The Circular Economy was but an apple when the first rules on Extended Producer Responsibility (EPR) were developed. The schemes aim to create financial incentives for producers to consider the full environmental impacts of their products, by obliging companies to foot the bill for their disposal after sale and use.
The first instance of EPR in EU legislation was in the Packaging Directive of 1994, then in the End of Life Vehicles Directive of 2000 and the Batteries Directive of 2006. By 2008, the Waste Framework Directive had included EPR as a general principle of waste management. But throughout all this, EPR schemes have remained the prerogative of national governments.
Over the years, the scope and number of EPR schemes across the EU has grown hugely, with a recent estimate by the organisation for packaging and the environment, EUROPEN, putting the amount raised by packaging schemes alone at over €3 billion per year. Many companies now outsource their obligations to Producer Responsibility Organisations (PROs), some of which they partly own, and many of which operate as profit-making businesses. The number of PROs varies by country and by sector (for waste electronics, for example, there are 3 in France and 39 in the UK). The fees companies pay, the number of products covered and the criteria for deciding how end-of-life costs are calculated also vary widely. So if you sell a product in a number of EU countries, the system now looks very complex indeed, as different EPR rules apply. So there are good single-market reasons for Brussels to be taking fresh action and many businesses welcome the moves towards harmonisation and minimum standards. But the Commission has to balance this with the principle of subsidiarity – as emphasised by several national environment ministers at a Council meeting in March.
At the same time, EPR schemes need a boost, as they have become central instruments of the EU’s plan to create a European Circular Economy. So policymakers in Brussels have a tough job. They need to ensure that national governments are left in the driving seat to design EPR schemes that don’t obstruct the free movement of goods. But they also want to use EU legislation to create genuinely European-wide norms on eco-design and secondary raw materials.

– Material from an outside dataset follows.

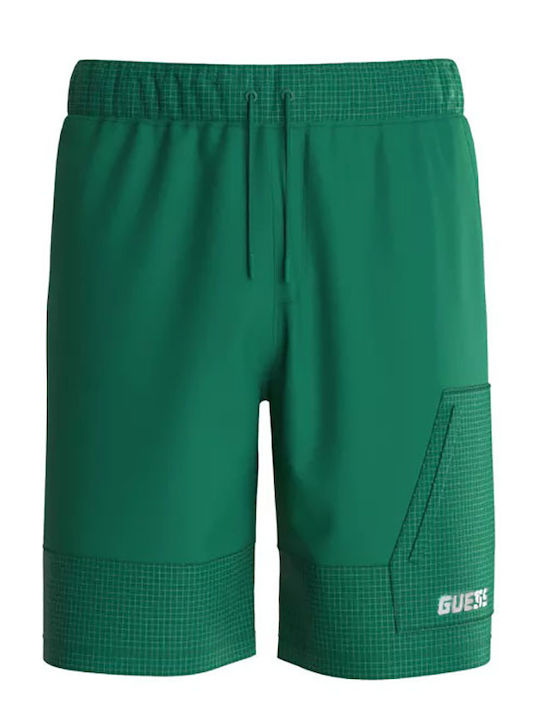 Guess Men's Zubin Short Z4gd00kc532-g8ek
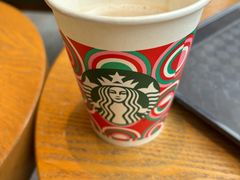 -星巴克(香港名都店)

The Commission’s proposals to update EPR were published last December as a new article to the Waste Framework Directive (article 8a) which the European Parliament’s Environment Committee is now scrutinising. There are several new “general requirements” for existing EPR schemes, including a provision for clearer definitions of roles and responsibilities, enhanced transparency requirements for PROs, as well as more exhaustive reporting systems and better information-sharing. There are also proposals for schemes to differentiate (or “modulate”) the fees they charge per waste-stream, based on how much each part of the waste collection and treatment process costs. This could prove crucial in incentivising waste management companies, PROs and local governments to work together to strip out costs and to reward greener products. There have been interesting developments in France here which appear to be working well.
A more controversial proposal considers extending producer fees “to ensure that waste-holders…are informed about the available waste collection systems and the prevention of littering”. Such clauses could significantly widen the scope of EPR fee coverage and have caused some consumer-goods companies, for example, to worry about being landed with a large bill for cleaning up Europe’s litter.
Yet the proposals have also attracted criticism for a lack of ambition. Zero Waste Europe (ZWE), for example, published a report last year finding that EPR schemes don’t even cover a third of municipal solid waste across Europe at the moment. And only half of the waste these schemes do cover gets collected separately. So there is a lot of work to do, as ZWE’s director, Joan-Marc Simon, notes. “EPR was useful for raising recycling rates in Europe over the last 20 years but we need them to do a lot more if we are to move to a genuinely circular economy where total waste is reduced at source and products are designed for re-use.”
The coming months will see a raft of policy wrangles between MEPs, national governments and the Commission on the fine detail of EU law towards EPR. What emerges will be central in determining the speed at which at a genuinely circular economy can be built in the EU.